Preferences

I feel like this is so core to any LLM automation it was crazy that anthropic is only adding it now.

I built a customized deep research internally earlier this year that is made up of multiple "agentic" steps, each focusing on specific information to find. And the outputs of those steps are always in json and then the input for the next step. Sure you can work you way around failures by doing retries but its just one less thing to think about if you can guarantee that the random LLM output adheres at least to some sort of structure.


Prior to this it was possible to get the same effect by defining a tool with the schema that you wanted and then telling the Anthropic API to always use that tool.

I implemented structured outputs for Claude that way here: https://github.com/simonw/llm-anthropic/blob/500d277e9b4bec6...

We've been running structured outputs via Claude on Bedrock in production for a year now and it works great. Give it a JSON schema, inject a '{', and sometimes do a bit of custom parsing on the response. GG

Nice to see them support it officially; however, OpenAI has officially supported this for a while but, at least historically, I have been unable to use it because it adds deterministic validation that errors on certain standard JSON Schema elements that we used. The lack of "official" support is the feature that pushed us to use Claude in the first place.

It's unclear to me that we will need "modes" for these features.

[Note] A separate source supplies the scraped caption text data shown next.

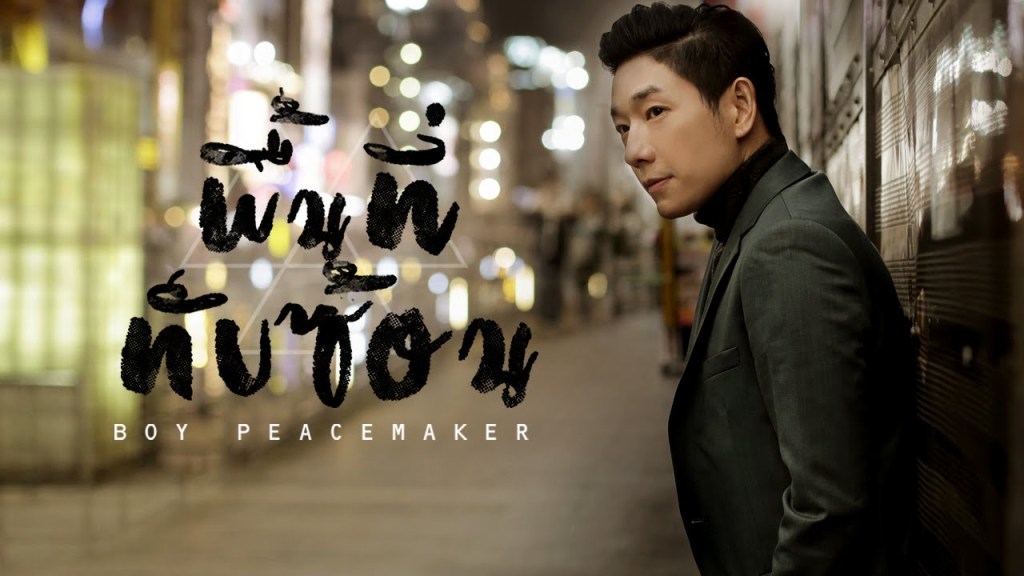 Thai Music Video of the Week: March&nbsp;24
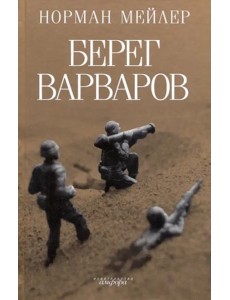 Берег варваров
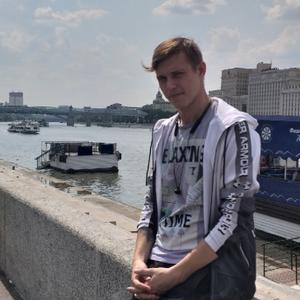 Парни в Оренбурге: Дмитрий, 31 - ищет девушку из Оренбурга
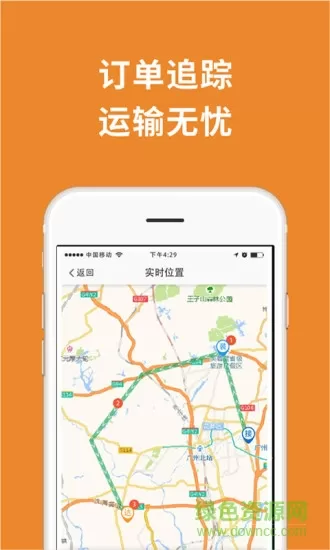 广东重运宝物流公司版 v2.5.4 安卓版 0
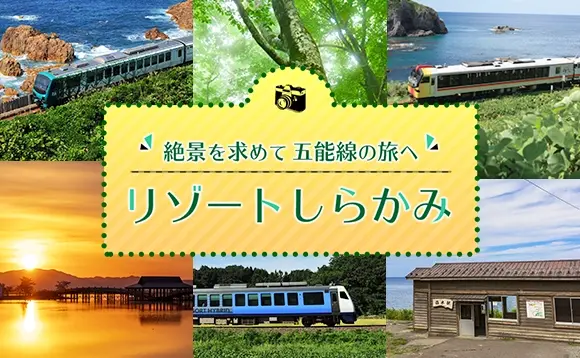 リゾートしらかみ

Another example: I used to think that I couldn't live without Claude Code "plan mode". Then I used Codex and asked it to write a markdown file with a todo list. A bit more typing but it works well and it's nice to be able to edit the plan directly in editor.

Agree or Disagree?

Before Claude Code shipped with plan mode, the workflow for using most coding agents was to have it create a `PLAN.md` and update/execute that plan. Planning mode was just a first class version of what users were already doing.
Claude Code keeps coming out with a lot of really nice tools that others haven't started to emulate from what I've seen.

My favorite one is going through the plan interactively. It turns it into a multiple choice / option TUI and the last choose is always reprompt that section of the plan.

I had switch back to codex recently and not being able to do my planning solely in the CLI feels like the early 1900s.

To trigger the interactive mode. Do something like:

Plan a fix for:

<Problem statement>

Please walk me through any options or questions you might have interactively.

> Give it a JSON schema, inject a '{', and sometimes do a bit of custom parsing on the response

I would hope that this is not what OpenAI/Anthropic do under the hood, because otherwise, what if one of the strings needs a lot of \escapes? Is it also supposed to newer write actual newlines in strings? It's awkward.

The ideal solution would be to have some special tokens like [object_start] [object_end] and [string_start] [string_end].

I don't think the tool input schema thing does that inference-time trick. I think it just dumps the JSON schema into the context, and tells the model to conform to that schema.
Same, but it’s a PITA when you also want to support tool calling at the same time. Had to do a double call: call and check if it will use tools. If not, call again and force the use of the (now injected) return schema tool.
It's not 100% success, I've had responses that didn't match my schema.

I think the new feature goes on to limit which token can be output, which brings a guarantee, where the tools are a suggestion.

So, so much this.

Structured outputs are the most underappreciated LLM feature. If you're building anything except a chatbot, it's definitely worth familiarizing yourself without them.

They're not too easy to use well, and there aren't that much resources on the internet explaining how to get the most out of them you can.

In Python, they're very easy to use. Define your schema with Pydantic and pass the class to your client calls. There are some details to know (eg field order can affect performance), but it's very easy overall. Other languages probably have something similar.
It's nice but I don't know how necessary it is.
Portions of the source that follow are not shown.